Items from a data source:
★ ★ ★ ★ ★
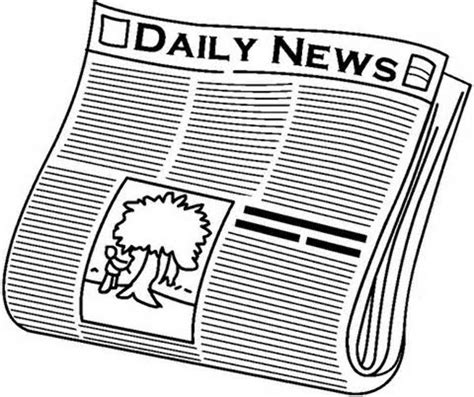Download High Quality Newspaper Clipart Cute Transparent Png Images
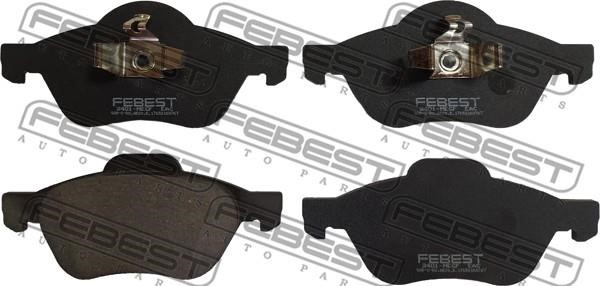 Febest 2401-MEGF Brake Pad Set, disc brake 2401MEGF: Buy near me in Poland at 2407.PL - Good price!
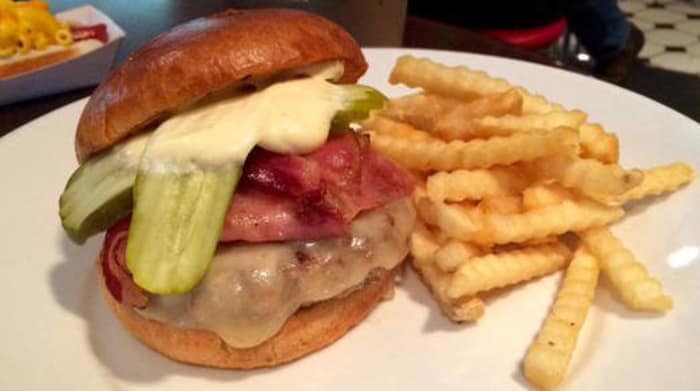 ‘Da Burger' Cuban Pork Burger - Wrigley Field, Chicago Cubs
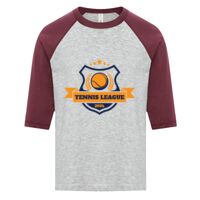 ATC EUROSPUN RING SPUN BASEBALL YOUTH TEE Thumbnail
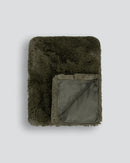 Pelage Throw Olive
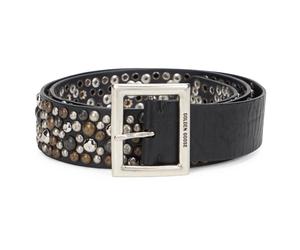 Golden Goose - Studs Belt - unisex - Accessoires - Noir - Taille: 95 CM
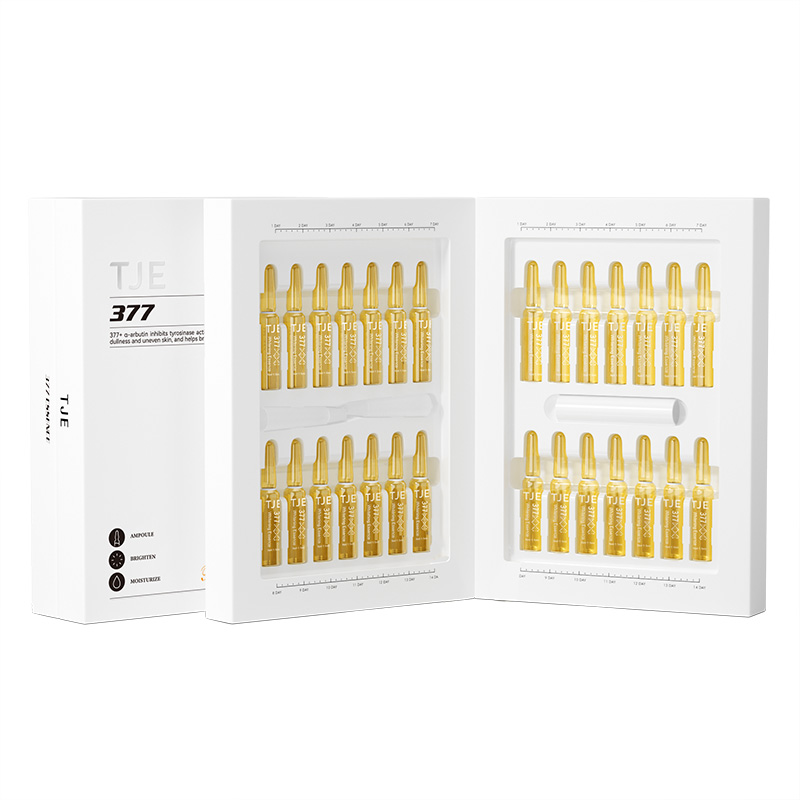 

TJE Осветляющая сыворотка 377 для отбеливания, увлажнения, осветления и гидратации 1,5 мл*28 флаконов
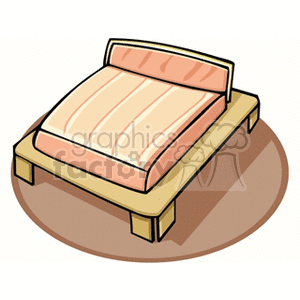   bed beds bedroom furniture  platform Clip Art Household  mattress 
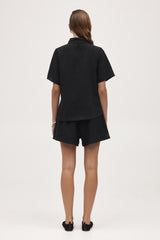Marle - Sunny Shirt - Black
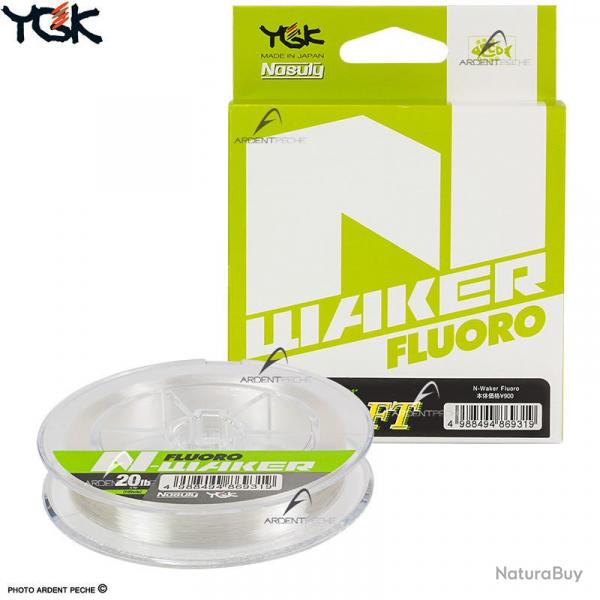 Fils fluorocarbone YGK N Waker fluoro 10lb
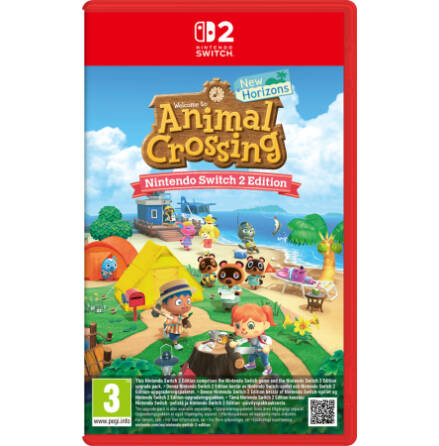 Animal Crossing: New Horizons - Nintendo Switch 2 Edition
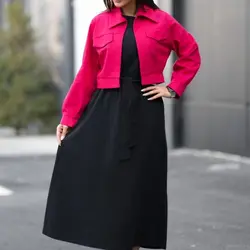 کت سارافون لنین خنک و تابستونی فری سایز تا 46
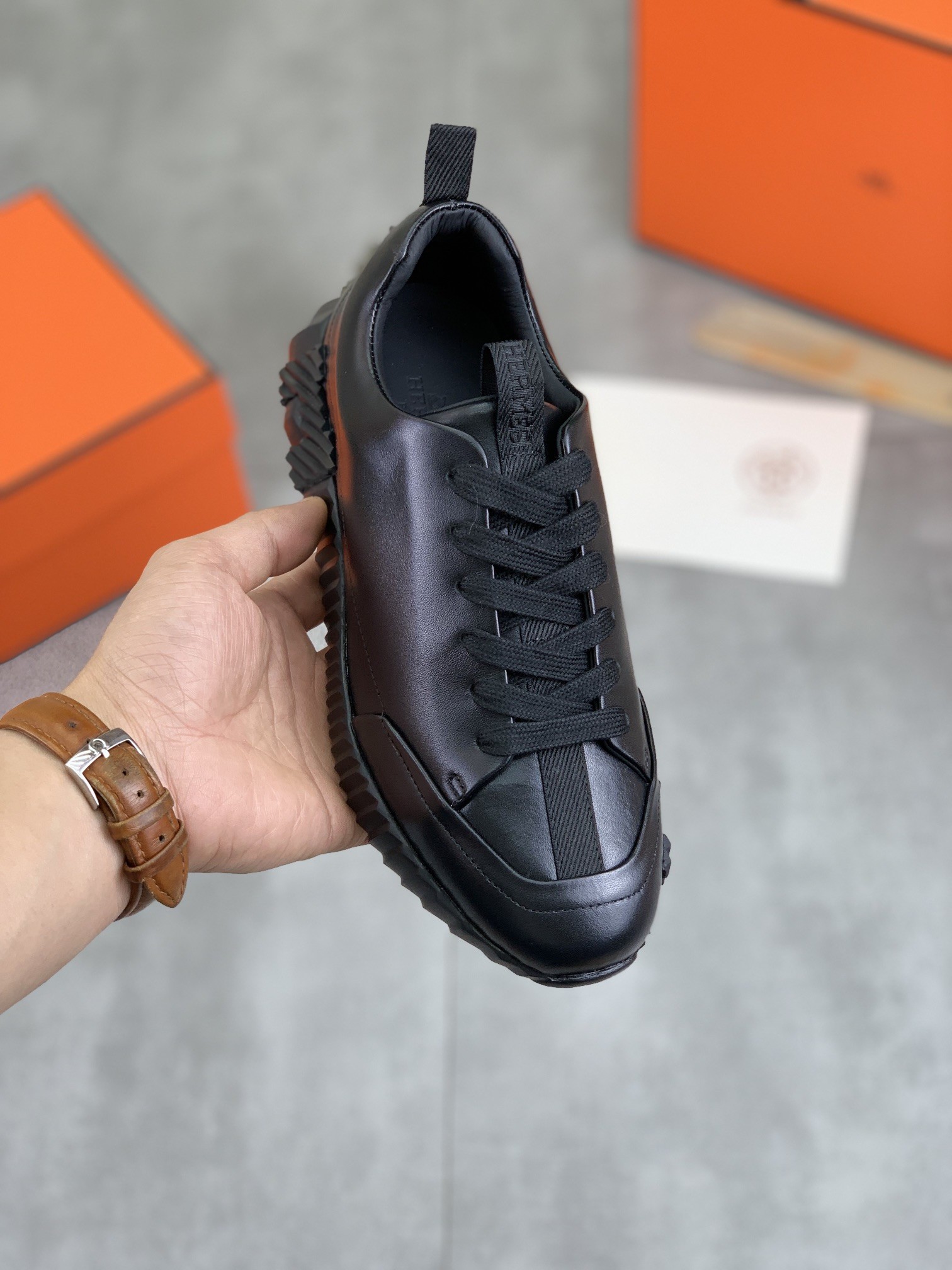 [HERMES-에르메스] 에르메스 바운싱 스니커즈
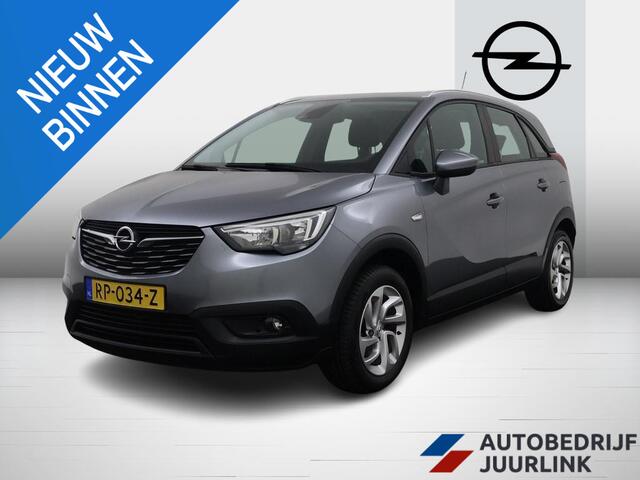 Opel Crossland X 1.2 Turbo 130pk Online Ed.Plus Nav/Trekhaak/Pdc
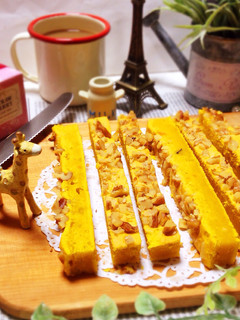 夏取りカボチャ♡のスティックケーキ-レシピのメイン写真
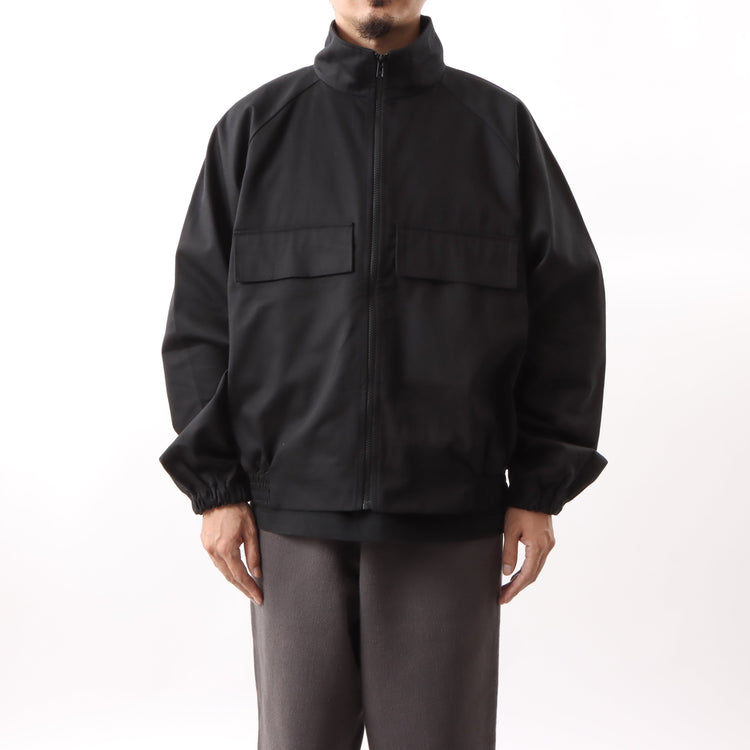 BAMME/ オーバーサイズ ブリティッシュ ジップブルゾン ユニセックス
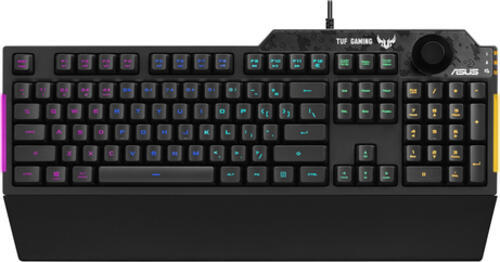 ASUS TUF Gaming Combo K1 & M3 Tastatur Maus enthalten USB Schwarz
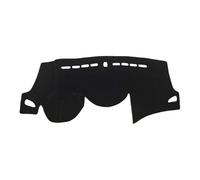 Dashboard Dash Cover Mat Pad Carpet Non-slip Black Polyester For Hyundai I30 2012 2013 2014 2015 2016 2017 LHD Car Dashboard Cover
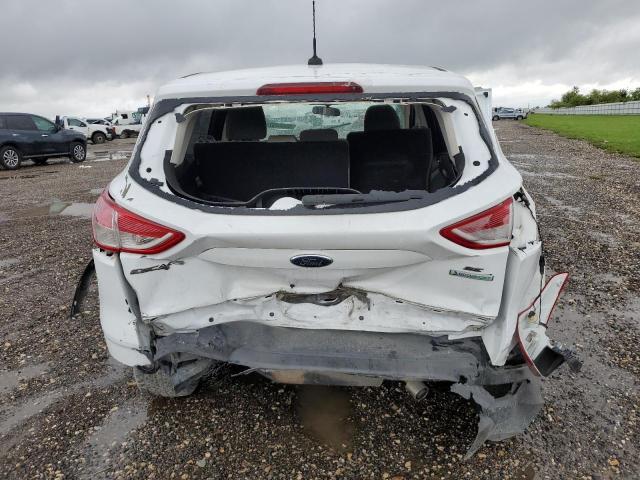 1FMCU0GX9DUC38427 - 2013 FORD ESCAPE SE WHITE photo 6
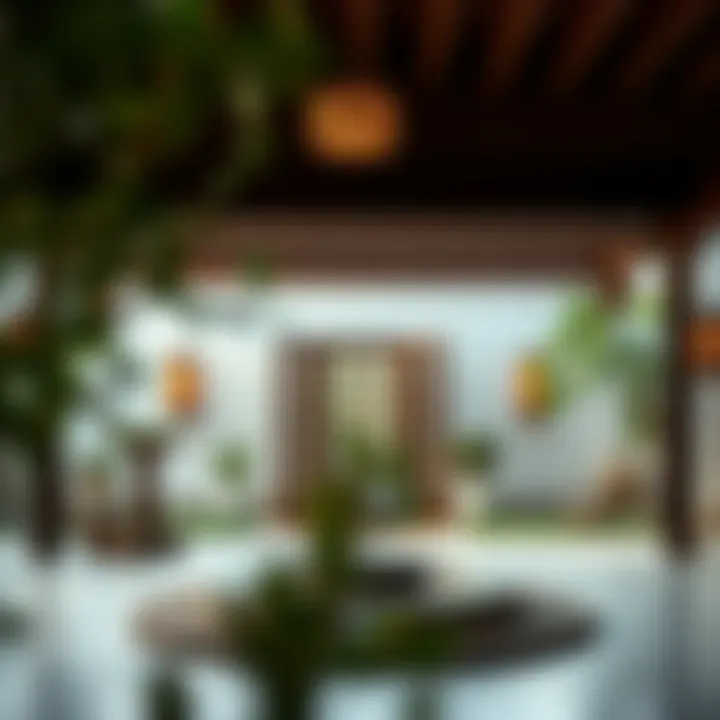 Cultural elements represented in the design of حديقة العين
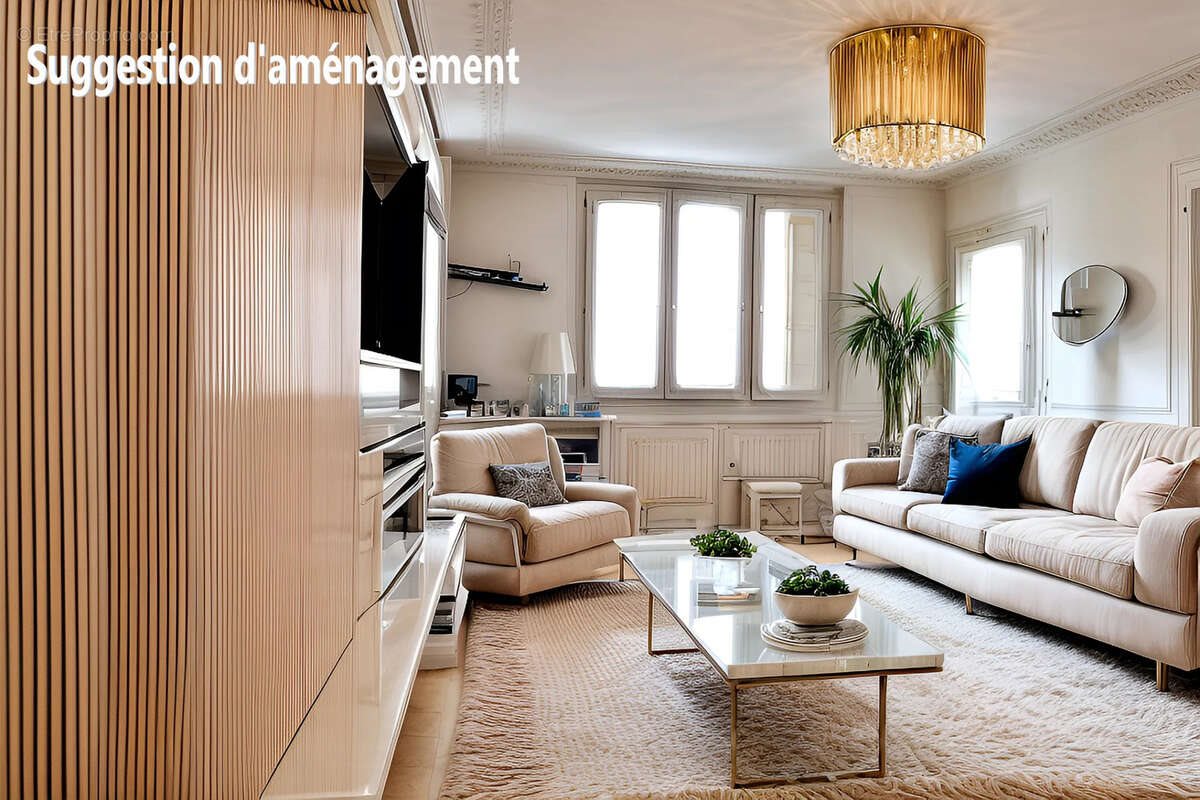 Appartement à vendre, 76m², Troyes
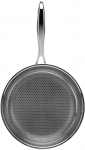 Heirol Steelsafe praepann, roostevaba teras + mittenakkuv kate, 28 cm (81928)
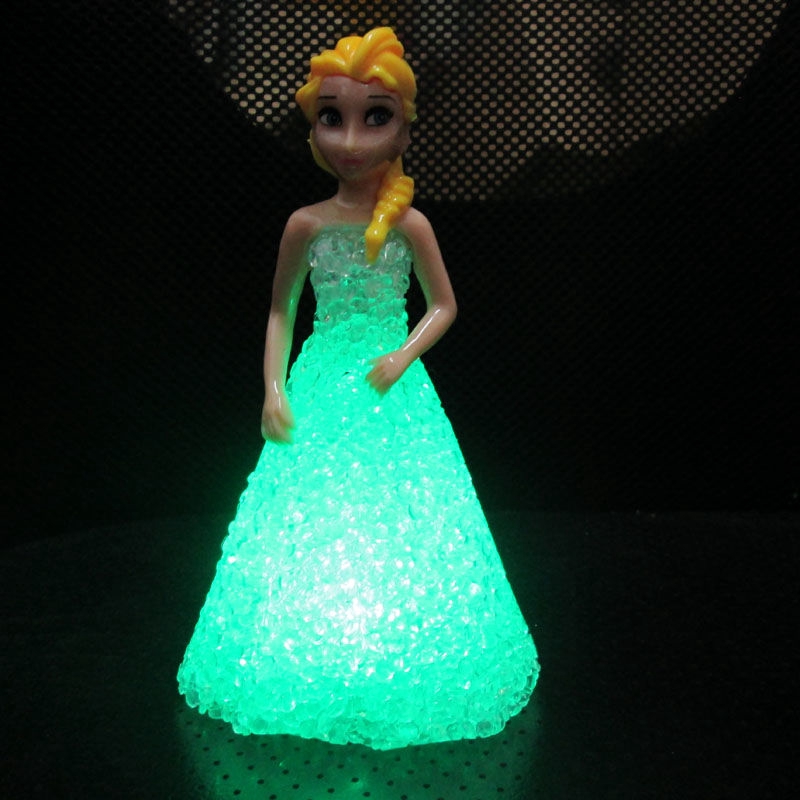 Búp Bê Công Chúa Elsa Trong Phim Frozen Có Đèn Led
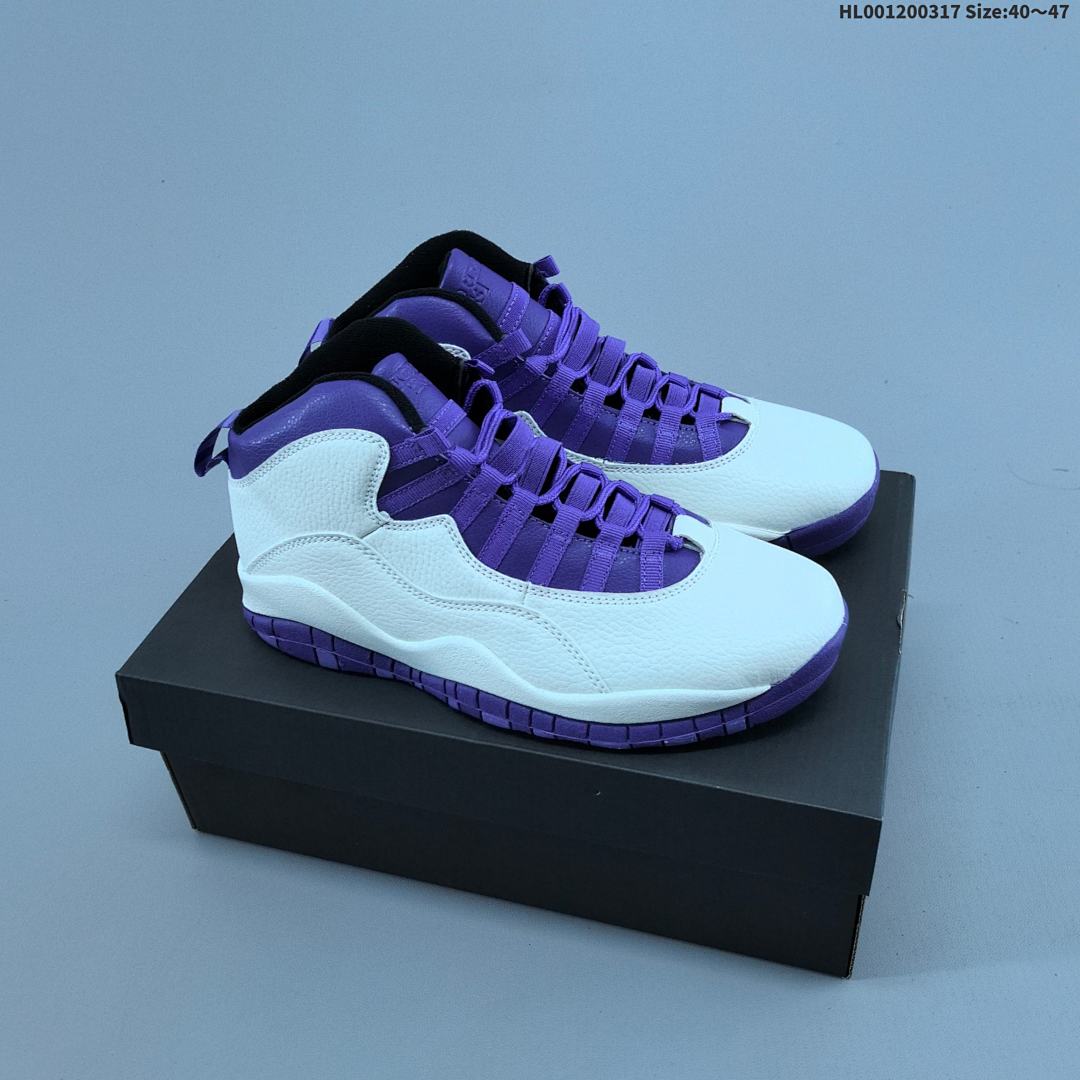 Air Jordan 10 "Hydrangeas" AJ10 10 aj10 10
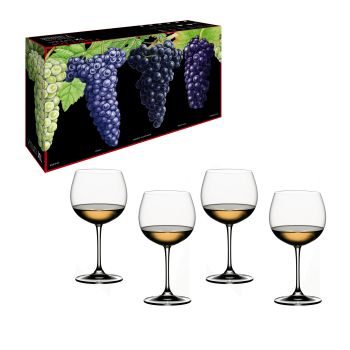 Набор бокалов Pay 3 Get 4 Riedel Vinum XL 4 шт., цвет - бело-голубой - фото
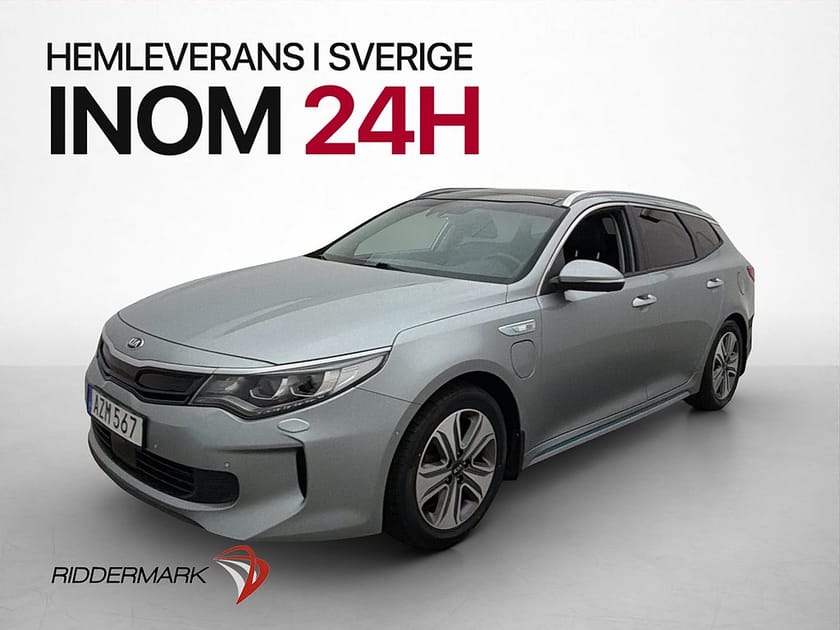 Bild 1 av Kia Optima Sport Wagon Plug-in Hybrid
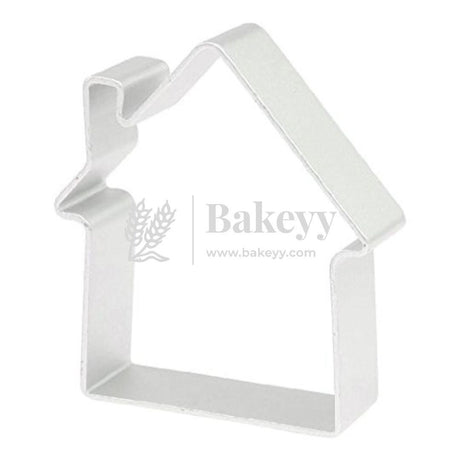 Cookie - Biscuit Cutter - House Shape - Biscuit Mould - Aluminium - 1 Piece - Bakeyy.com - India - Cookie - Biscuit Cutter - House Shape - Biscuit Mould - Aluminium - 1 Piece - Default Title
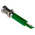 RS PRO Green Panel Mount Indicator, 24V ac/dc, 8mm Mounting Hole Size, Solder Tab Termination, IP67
★ ★ ★ ★ ★
WHAT TO WORK ON
A verbatim reproduction is expected: starting at the line above that has "BAMME/ オーバーサイズ ブリティッシュ ジップブルゾン ユニセックス", ending at the line that has "- Default Title", both included, and with no pictures and no other lines.

OUTPUT BELOW
 BAMME/ オーバーサイズ ブリティッシュ ジップブルゾン ユニセックス
 ASUS TUF Gaming Combo K1 & M3 Tastatur Maus enthalten USB Schwarz
 Dashboard Dash Cover Mat Pad Carpet Non-slip Black Polyester For Hyundai I30 2012 2013 2014 2015 2016 2017 LHD Car Dashboard Cover
 1FMCU0GX9DUC38427 - 2013 FORD ESCAPE SE WHITE photo 6
 Cultural elements represented in the design of حديقة العين
 Appartement à vendre, 76m², Troyes
 Heirol Steelsafe praepann, roostevaba teras + mittenakkuv kate, 28 cm (81928)
 Búp Bê Công Chúa Elsa Trong Phim Frozen Có Đèn Led
 Air Jordan 10 "Hydrangeas" AJ10 10 aj10 10
 Набор бокалов Pay 3 Get 4 Riedel Vinum XL 4 шт., цвет - бело-голубой - фото
 Bild 1 av Kia Optima Sport Wagon Plug-in Hybrid
 Cookie - Biscuit Cutter - House Shape - Biscuit Mould - Aluminium - 1 Piece - Bakeyy.com - India - Cookie - Biscuit Cutter - House Shape - Biscuit Mould - Aluminium - 1 Piece - Default Title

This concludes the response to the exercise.